Sunday, March 06, 2016

We Bought a Farm: Just call me Little Bo Peep

I'm not a farmer. 

I call myself a farmer's wife because honestly, farming is not my passion. I love it and am loving it more and more everyday, but I don't lay in bed at night drawing up the plans or planning the next big thing. I often say I am on a need-to-know basis with the farm. Tell me the next thing to do, and I'll do it.

To call myself a farmer would be like a bat boy calling himself a baseball player because he is out there with the baseball players. You aren't a player unless you are playing. I'm a bat boy here. And I'm fine with that.

I received a comment once that I shouldn't call myself a farmer's wife. I get that. But I honestly don't see myself as a farmer. It isn't running through my veins. I'm a writer. I'm a mom. I'm an athlete. Those are the things I am truly passionate about.

And so understanding that, please go with me to early this morning. JB left for work at 6:15am. Around 7:30am, I put all the kids in front of a Daniel Tiger, assigned Isaac to be my babysitter (this means you follow Hannah anywhere she goes and step out the door if she gets out of line) and headed out to do the animals. On a good day, I can knock this out in 15 minutes and am right outside of the house so that the kids can just walk out onto the front porch and call me for any emergency that arises. (Honestly they are so sucked into the TV that this never happens.)

So 7:30am I head out to the sheep. We have separated them from the pigs now so that the pigs can majorly destroy the area we are going to seed our garden in. I go to their new area and two of them out. JB had just moved them to this area and used a barbed wire fence as one of his "walls." Obviously they outsmarted the barbed wire fence.

I attempt, without success, to get those two back in. Instead, three more sheep get out while I am trying to get the two lost lambs back in. I cannot express how frustrating it is to attempt to get an animal where you want it to go when it doesn't want to go. High blood pressure. Sweating. It's so frustrating.

I decide to implement a new strategy. I will let all the sheep out in hopes that I can get them to follow one back in. They always stay together. Everywhere. So this seems like a reasonable attempt on my part.

It failed.
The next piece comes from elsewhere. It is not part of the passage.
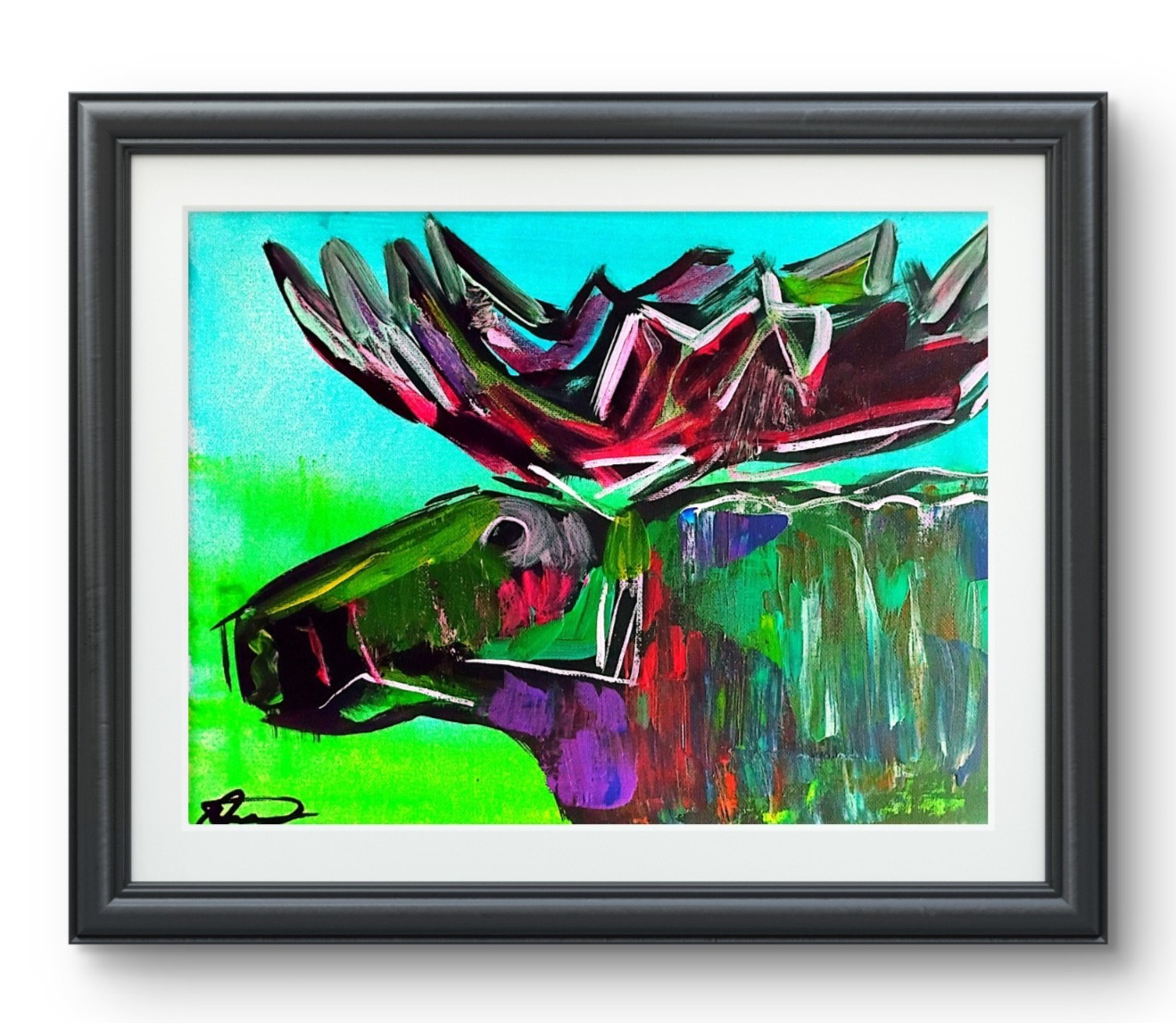 Original art 14 X 11 Wild Moose CANVAS Colorful Modern Art Acrylic Painting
Those darned sheep could care less about the awesome hay and feed I was bribing them with. They simply wanted to do what they wanted to do.

At this point, I am majorly stressed. I don't like to leave the kids without me for more than 15 minutes. It's cold. And I'm clueless as to how to fix this. I know my husband could fix this in mere moments. But I can't. I have no idea what to do.

So I start walking back to our house. 

And they follow me. 

And I decided, well, I'll let them follow me into the yard. 

And they do! 

(Why I couldn't get them to follow me into the pen is still beyond me.) I figure, well, if they are in the yard, which I can close off, at least they are all in a safe place until JB gets home at 4:30pm.

And so, this is my current situation:



The sheep are safe. The dog coexists with them very nicely. The kids are outside playing and doing their thing and the sheep are happy as can be eating everything in sight.

Just call me Little Bo' Peep.

2 comments:

Anonymous said...

Frustrating to say the least. Have you ever considered getting a herding dog or two? Border Collies are awesome for this job (there are other breeds that are good too - I'm partial to Borders). When I lived on the farm our Border always took care of getting the sheep back in - we had a jumper or two. He also herded our wild turkeys away from the cars (they liked to perch on top of the cars and then poop).

Wendi Kitsteiner said...

We've discussed dogs. The issue with the dogs is that they can be a lot of money and time and then not fit the bill .... right now since we rotate paddocks it is working okay. Dogs are excellent because they offer protection but you need one that is safe with kids too. So hard!